> Recorded data:
_ _ _ _ _

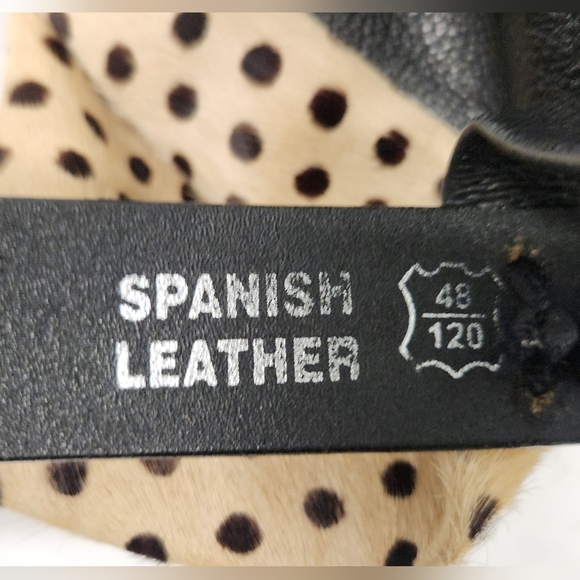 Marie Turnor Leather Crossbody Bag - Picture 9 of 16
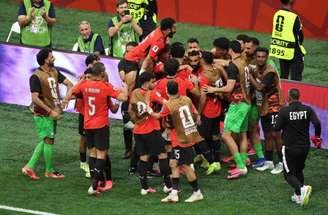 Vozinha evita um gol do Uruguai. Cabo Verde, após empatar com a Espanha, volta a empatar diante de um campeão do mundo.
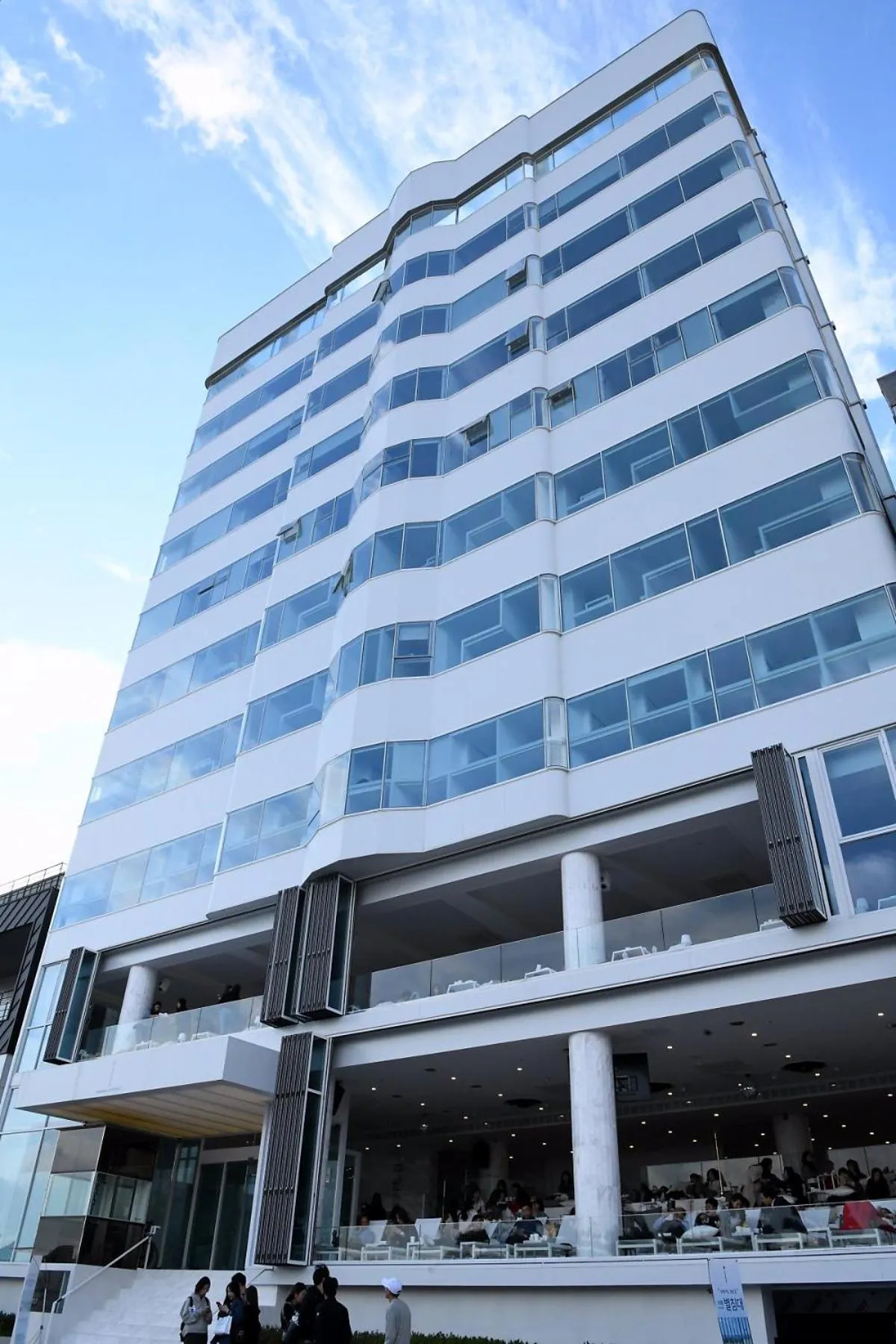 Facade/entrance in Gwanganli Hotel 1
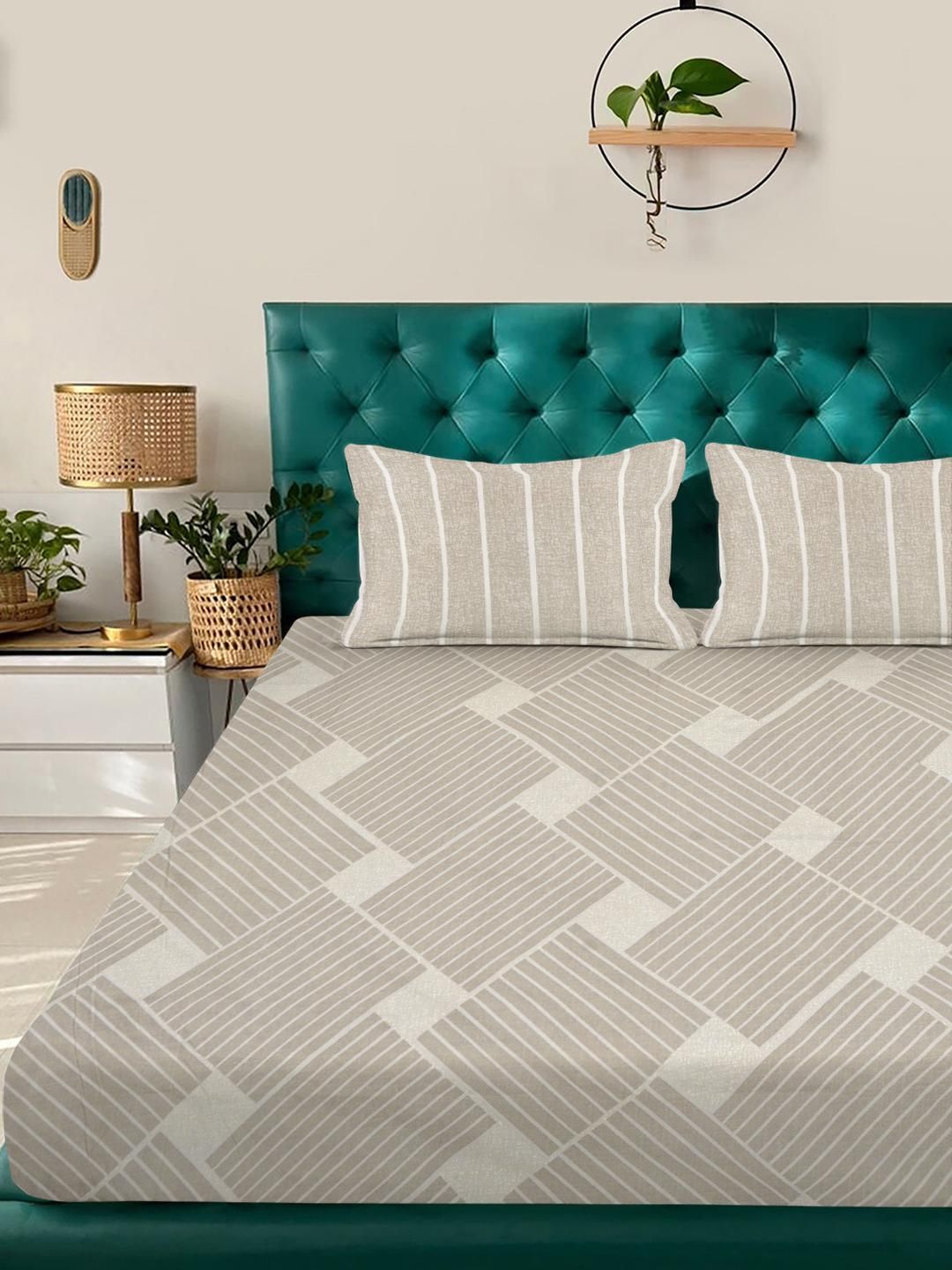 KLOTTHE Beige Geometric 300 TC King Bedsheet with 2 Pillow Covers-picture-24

_ _ _ _ _

> Task statement: The expected output is the full material above, word for word, without pictures.

> Task response:
 Marie Turnor Leather Crossbody Bag - Picture 9 of 16
 Vozinha evita um gol do Uruguai. Cabo Verde, após empatar com a Espanha, volta a empatar diante de um campeão do mundo.
 Facade/entrance in Gwanganli Hotel 1
 KLOTTHE Beige Geometric 300 TC King Bedsheet with 2 Pillow Covers-picture-24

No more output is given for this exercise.